The project is initially based on one of the assignments in the Udacity’s Self-Driving Car Engineer course. After completion, I re-worked on the project using the original image data format from German Traffic Sign Benchmarks website so that it does not require people to use the images from the Udacity (which is already resized to 32x32 and in the pickle format).
I downloaded them to my machine as follows:
> mkdir data
> # use wget or curl
> wget http://benchmark.ini.rub.de/Dataset/GTSRB_Final_Training_Images.zip
> unzip GTSRB_Final_Training_Images.zip
> mv GTSRB/Final_Training data/
> wget http://benchmark.ini.rub.de/Dataset/GTSRB_Final_Test_Images.zip
> unzip GTSRB_Final_Test_Images.zip
> mv GTSRB/Final_Test/ data/
> wget http://benchmark.ini.rub.de/Dataset/GTSRB_Final_Test_GT.zip
> unzip GTSRB_Final_Test_GT.zip
> mv GT-final_test.csv data/Final_Test/Images/
The training images are organized in folders by category. Each folder is meant for one category (i.e. stop sign) and has a label file (.csv) which is actually semi-colon delimited (not comma delimited).
data
+ Final_Training
+ Images
+ 00000
+ 00000_00000.ppm
+ 00000_00001.ppm
...
+ GT-00000.csv
+ 00001
+ 00000_00000.ppm
+ 00000_00001.ppm
...
+ GT-00001.csv
...
All images are stored in the PPM format (Portable Pixmap, P6). You'll need to install both matplotlib
and pillow
to handle such image format. If you use one of the evironments yml files in this repository, this will be taken care of.
Test images do not have category folders but all are kept in one place with one label file.
data
+ Final_Test
+ Images
+ 00000.ppm
+ 00001.ppm
+ ...
+ GT-final_test.csv # Extended annotations including class ids
+ GT-final_test.test.csv
The model is based on LeNet by Yann LeCun. It is a convolutional neural network designed to recognize visual patterns directly from pixel images with minimal preprocessing. It can handle hand-written characters very well.

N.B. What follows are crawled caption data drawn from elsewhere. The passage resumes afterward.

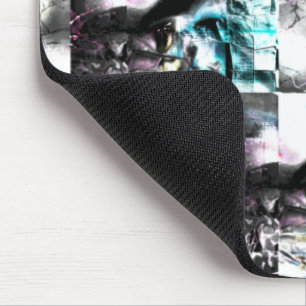 Tapis De Souris mosaïque carré de textures désordonnées en argent 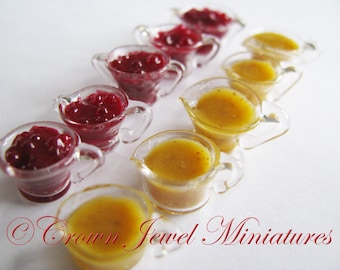 1:12 Turkey Gravy & Whole Cranberry Sauce Compotes by IGMA Artisan Robin Brady-Boxwell - Crown Jewel Miniatures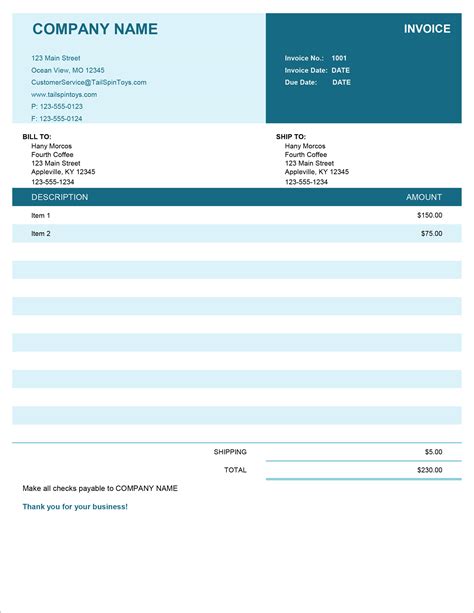 Invoice bill format in excel free download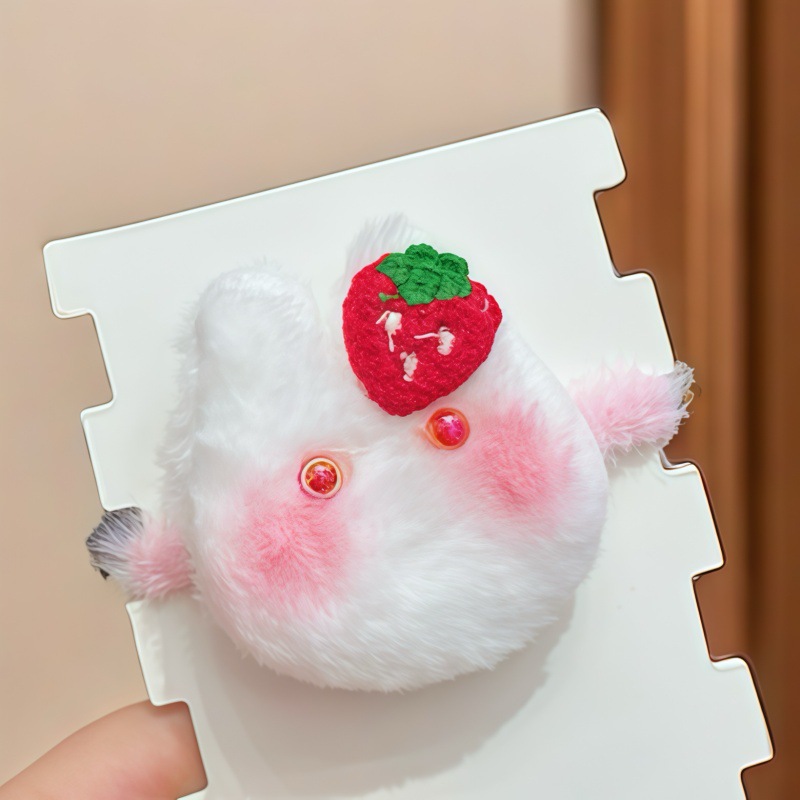 Niños de paja de dibujos animados peluche clip para el cabello adorable bebé blush conejo cuerdas de cabello lateral clip para el cabello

Source: http://yann.lecun.com/exdb/publis/pdf/lecun-98.pdf
Our model is adapted from the LeNet as follows.
Layer | Shape |
---|---|
Input | 32x32x3 |
Convolution (valid, 5x5x6) | 28x28x6 |
Max Pooling (valid, 2x2) | 14x14x6 |
Activation (ReLU) | 14x14x6 |
Convolution (valid, 5x5x16) | 10x10x16 |
Max Pooling (valid, 2x2) | 5x5x16 |
Activation (ReLU) | 5x5x16 |
Flatten | 400 |
Dense | 120 |
Activation (ReLU) | 120 |
Dense | 43 |
Activation (Softmax) | 43 |
The pipeline
folder has all the Python classes for building pipelines using the Tensorflow and Scikit-Learn's Pipeline framework. I used pipelines extensively to test out various preprocessing and network architecture scenarios.

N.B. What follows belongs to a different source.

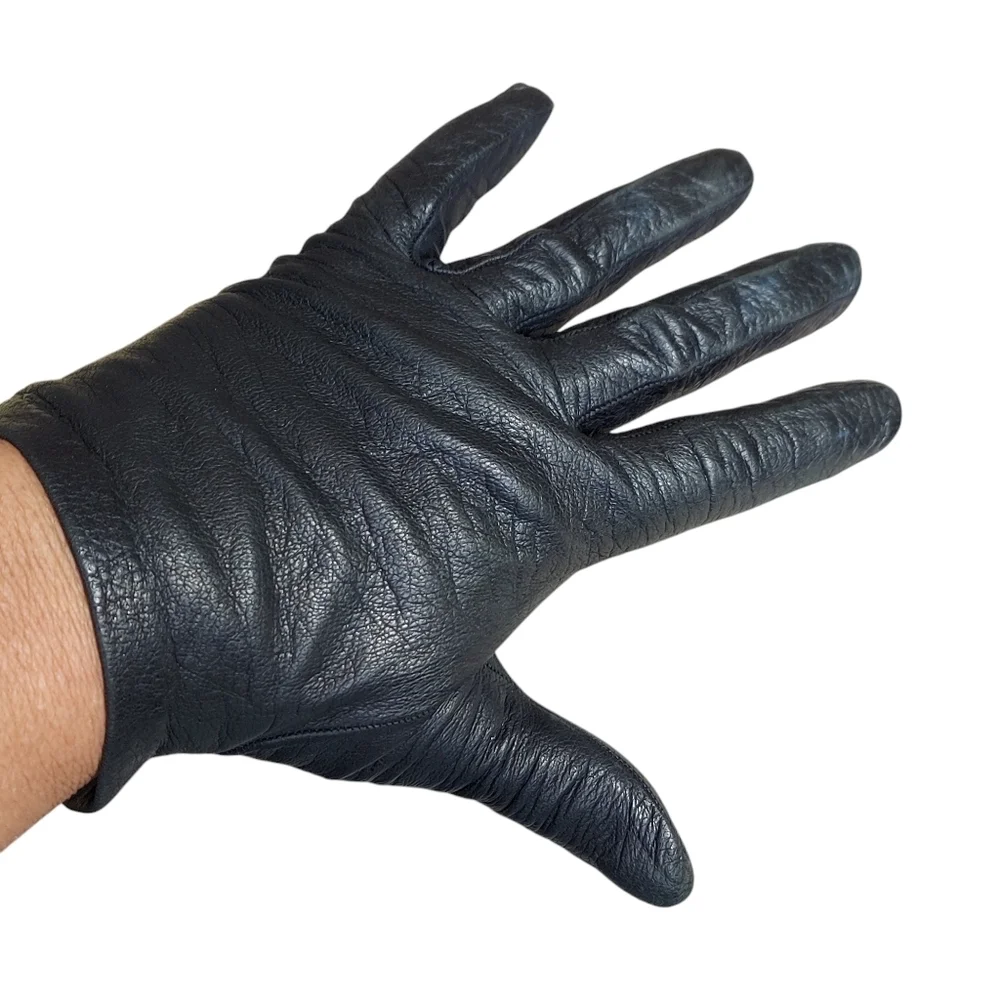 Vintage Leather Shortie Unlined Gloves with split opening in back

It allows me to write convolutional neural networks as follows:
INPUT_SHAPE = (32, 32, 3)
def make_network1(input_shape=INPUT_SHAPE):
return (NeuralNetwork()
.input(input_shape)
.conv([5, 5, 6])
.max_pool()
.relu()
.conv([5, 5, 16])
.max_pool()
.relu()
.flatten()
.dense(120)
.relu()
.dense(N_CLASSES))
A network is then adapted into an estimator that can be used as part of Scikit-Learn's Pipeline object. I also have a helper class to adapt any functions into a transformer that can be used in a Pipeline object.